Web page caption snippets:
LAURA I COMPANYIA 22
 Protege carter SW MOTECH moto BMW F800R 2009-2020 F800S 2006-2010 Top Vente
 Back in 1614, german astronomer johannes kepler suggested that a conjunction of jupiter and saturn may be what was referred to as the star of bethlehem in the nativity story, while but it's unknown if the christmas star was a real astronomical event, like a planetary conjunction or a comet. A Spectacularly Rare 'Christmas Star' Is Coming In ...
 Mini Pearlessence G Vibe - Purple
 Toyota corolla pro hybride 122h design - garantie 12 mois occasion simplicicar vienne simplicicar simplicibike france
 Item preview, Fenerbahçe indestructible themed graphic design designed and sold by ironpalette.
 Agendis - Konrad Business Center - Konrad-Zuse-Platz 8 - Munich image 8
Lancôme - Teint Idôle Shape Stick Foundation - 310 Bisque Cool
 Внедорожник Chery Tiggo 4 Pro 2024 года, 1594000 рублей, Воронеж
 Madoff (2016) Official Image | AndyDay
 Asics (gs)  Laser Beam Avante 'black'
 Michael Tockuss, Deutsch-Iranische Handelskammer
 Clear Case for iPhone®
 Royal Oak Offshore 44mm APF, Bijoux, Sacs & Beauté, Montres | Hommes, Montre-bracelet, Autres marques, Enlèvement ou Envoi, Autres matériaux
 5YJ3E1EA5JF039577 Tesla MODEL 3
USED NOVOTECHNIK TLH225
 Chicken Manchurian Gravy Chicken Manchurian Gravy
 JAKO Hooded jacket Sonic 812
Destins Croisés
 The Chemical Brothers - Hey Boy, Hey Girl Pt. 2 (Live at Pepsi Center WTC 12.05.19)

> **WHAT YOU HAVE TO DO**
Using the data above, reproduce exactly the lines from the line that contains "Back in 1614, german" through the line that contains "Toyota corolla pro", including both.

> **YOUR SOLUTION**
 Back in 1614, german astronomer johannes kepler suggested that a conjunction of jupiter and saturn may be what was referred to as the star of bethlehem in the nativity story, while but it's unknown if the christmas star was a real astronomical event, like a planetary conjunction or a comet. A Spectacularly Rare 'Christmas Star' Is Coming In ...
 Mini Pearlessence G Vibe - Purple
 Toyota corolla pro hybride 122h design - garantie 12 mois occasion simplicicar vienne simplicicar simplicibike france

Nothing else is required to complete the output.